Exercise input
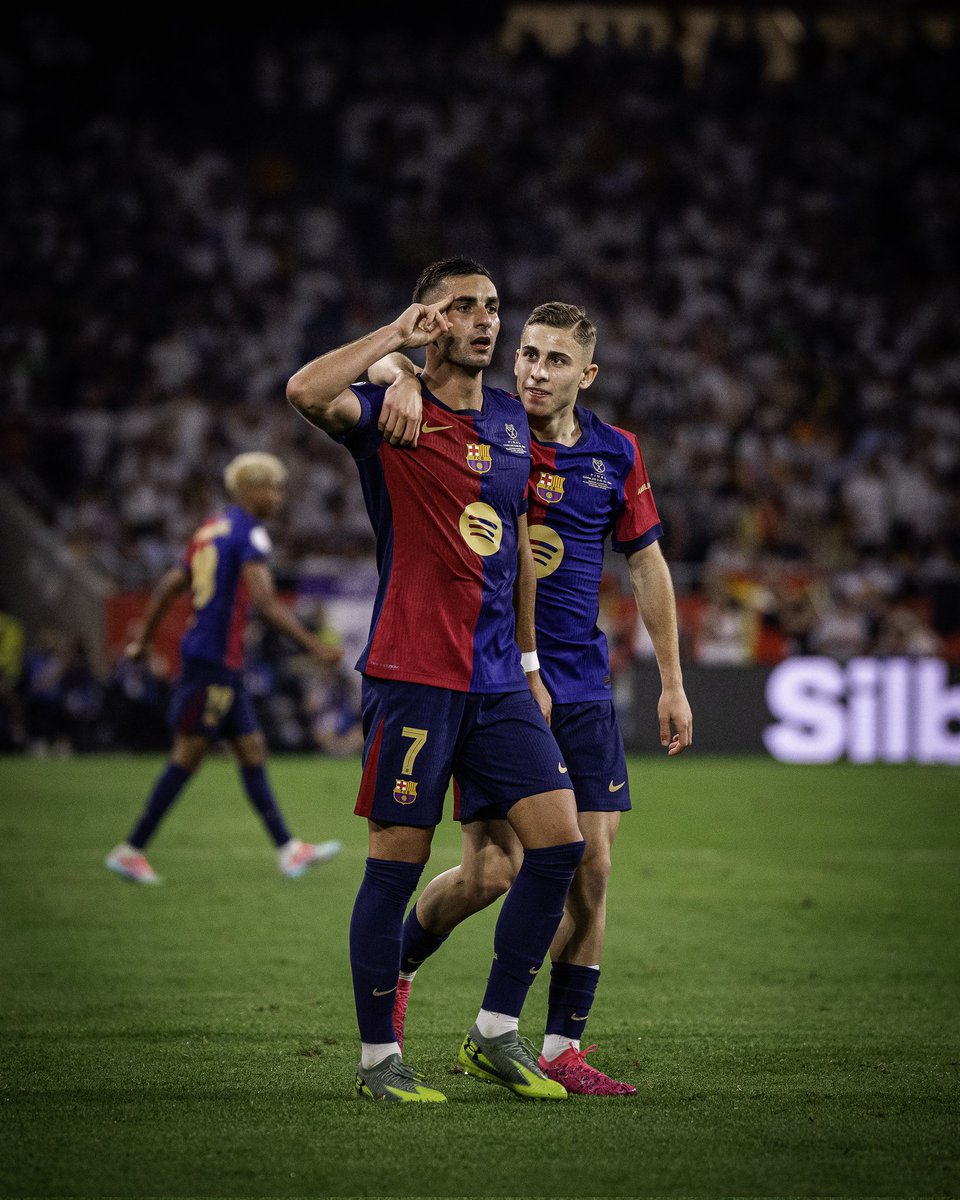 🏆 ¡CAMPEEEEONEEEESSSS! 🏆

Partidazo tremendo y volvemos a reinar en Copa.

No ha sido el mejor partido, pero este equipo también demuestra no rendirse y superar momentos complicados.

#ViscaBarça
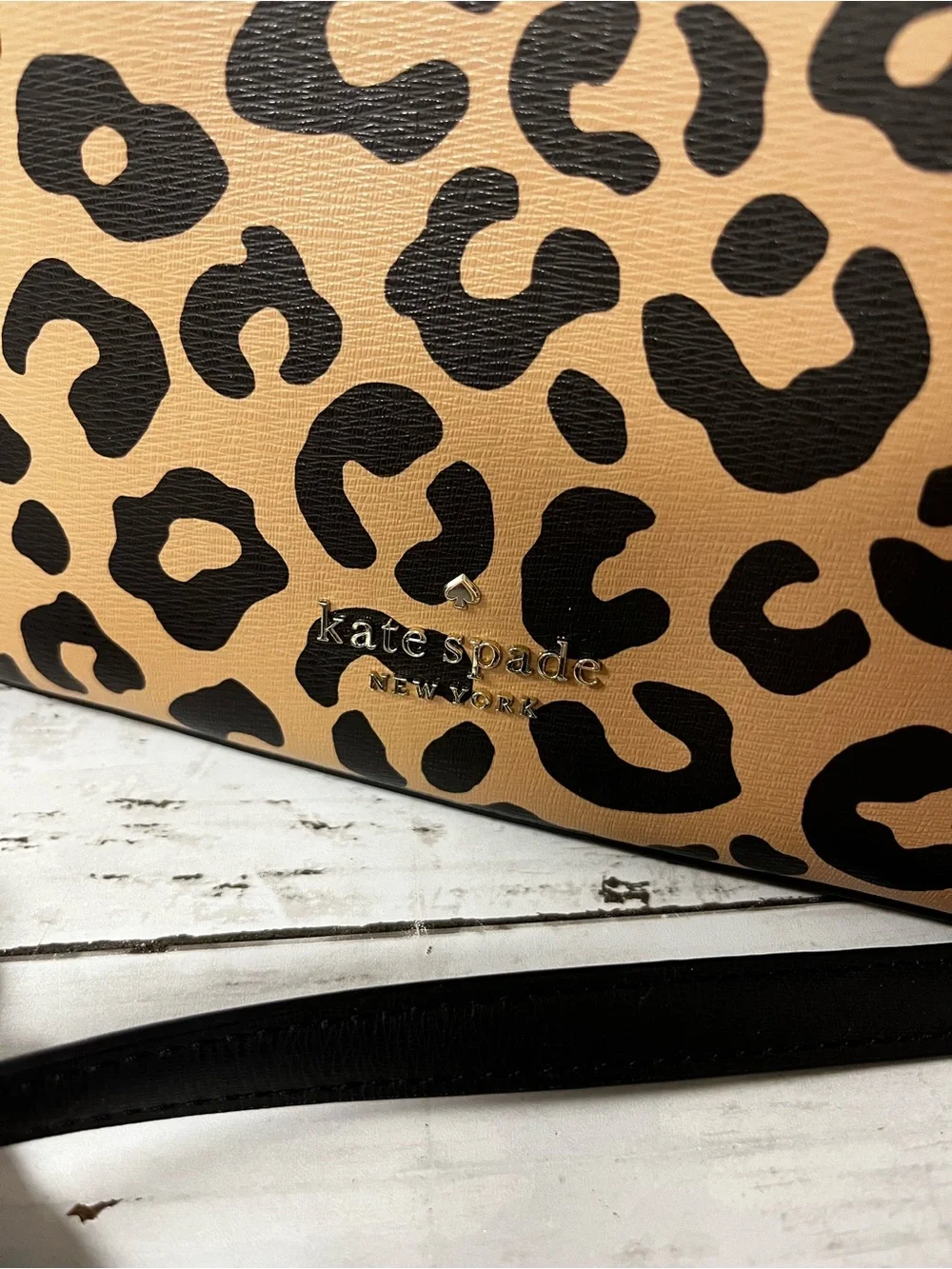 Kate Spade Darcy Graphic Leopard Small Bucket Bag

Task description
Please write out all of the material above without changing a word, and omit any pictures.

Output below
 🏆 ¡CAMPEEEEONEEEESSSS! 🏆

Partidazo tremendo y volvemos a reinar en Copa.

No ha sido el mejor partido, pero este equipo también demuestra no rendirse y superar momentos complicados.

#ViscaBarça
 Kate Spade Darcy Graphic Leopard Small Bucket Bag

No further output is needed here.